Caption-style text data:
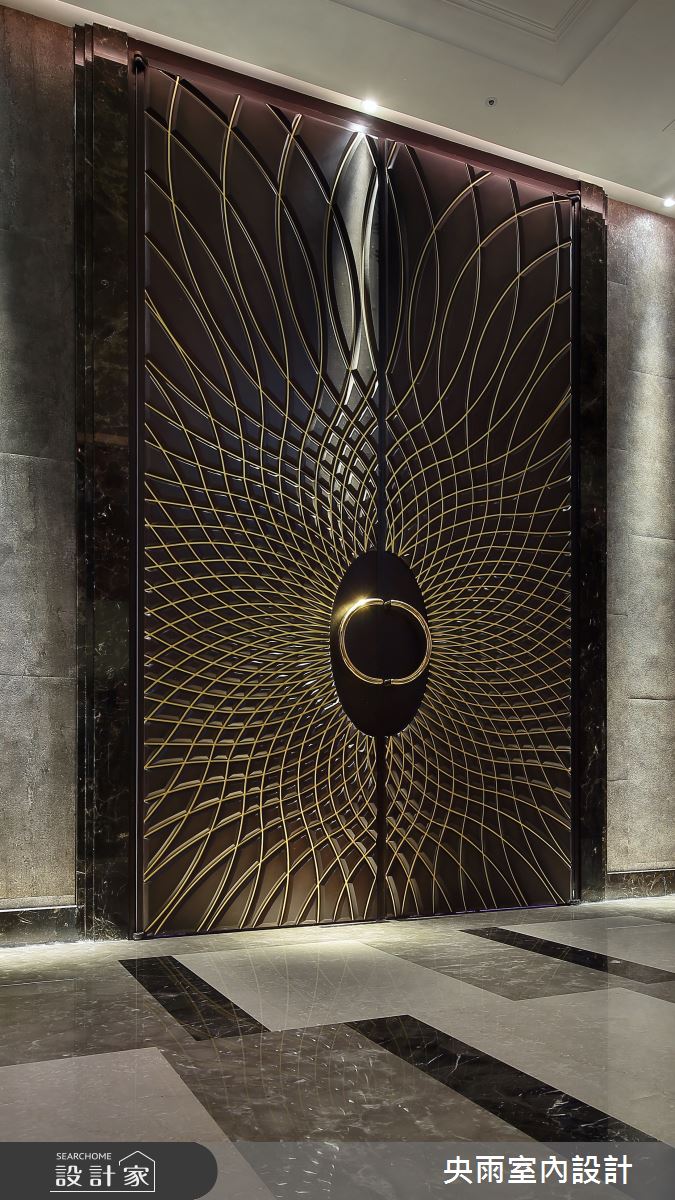 1400坪＿奢華風商業空間案例圖片＿央雨室內設計＿央雨_桃園_鉑宴會館_婚宴會館之8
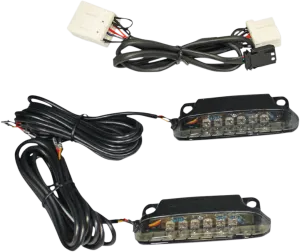 Custom Dynamics CD-LR-09-S LED Saddlebag Rail Light Bars - Smoke Lens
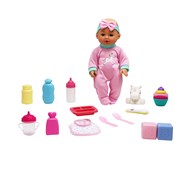 Dukke Alice med tilbehør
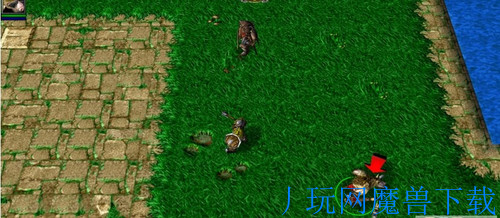 魔兽地图禁魔之战1.5钢射猪正式版游戏截图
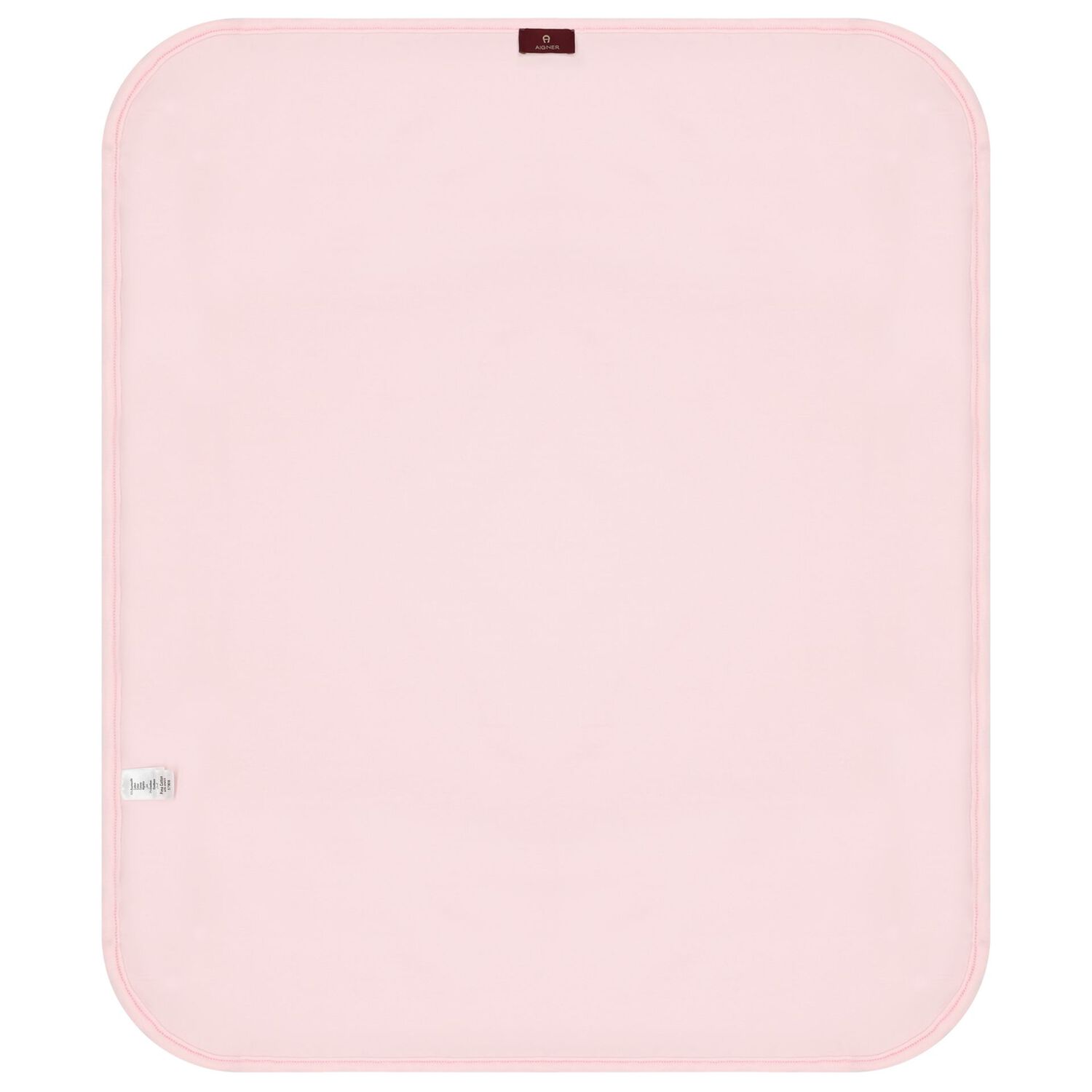 Baby Girls Pink Logo Blanket, 3, hi-res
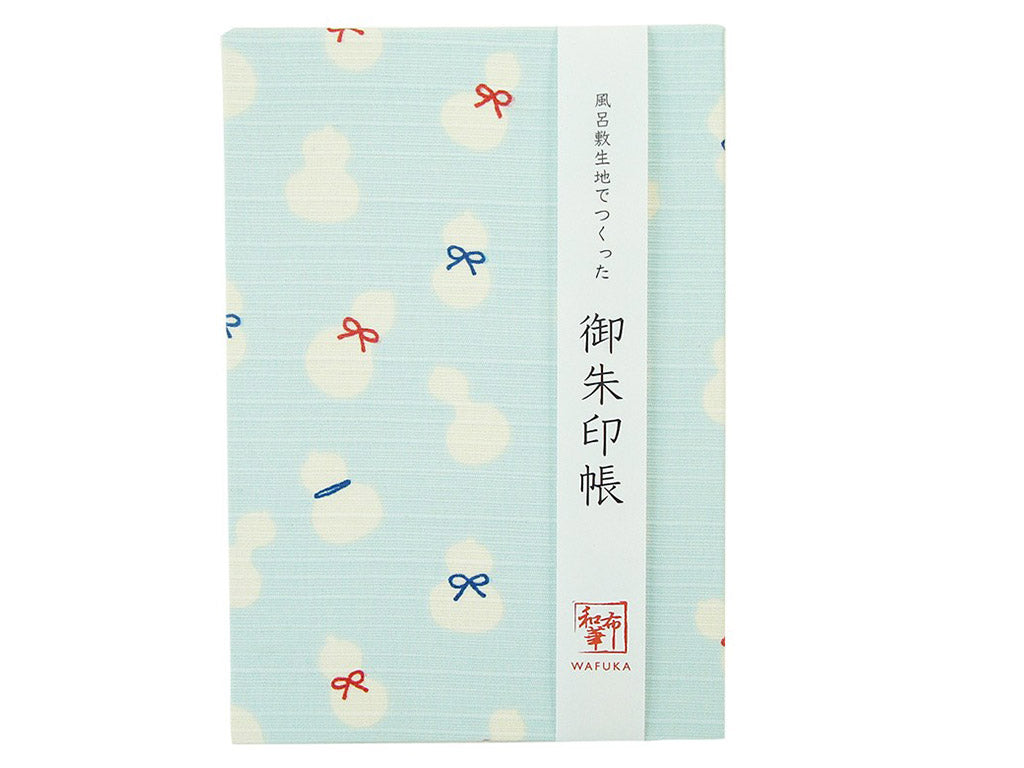 風呂敷生地でつくった御朱印帳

**Exercise aim:**
Only the lines from the line containing "Custom Dynamics CD-LR-09-S" through the last line of the entries above should be reproduced, word for word and without pictures.

**Answer area:**
 Custom Dynamics CD-LR-09-S LED Saddlebag Rail Light Bars - Smoke Lens
 Dukke Alice med tilbehør
 魔兽地图禁魔之战1.5钢射猪正式版游戏截图
 Baby Girls Pink Logo Blanket, 3, hi-res
 風呂敷生地でつくった御朱印帳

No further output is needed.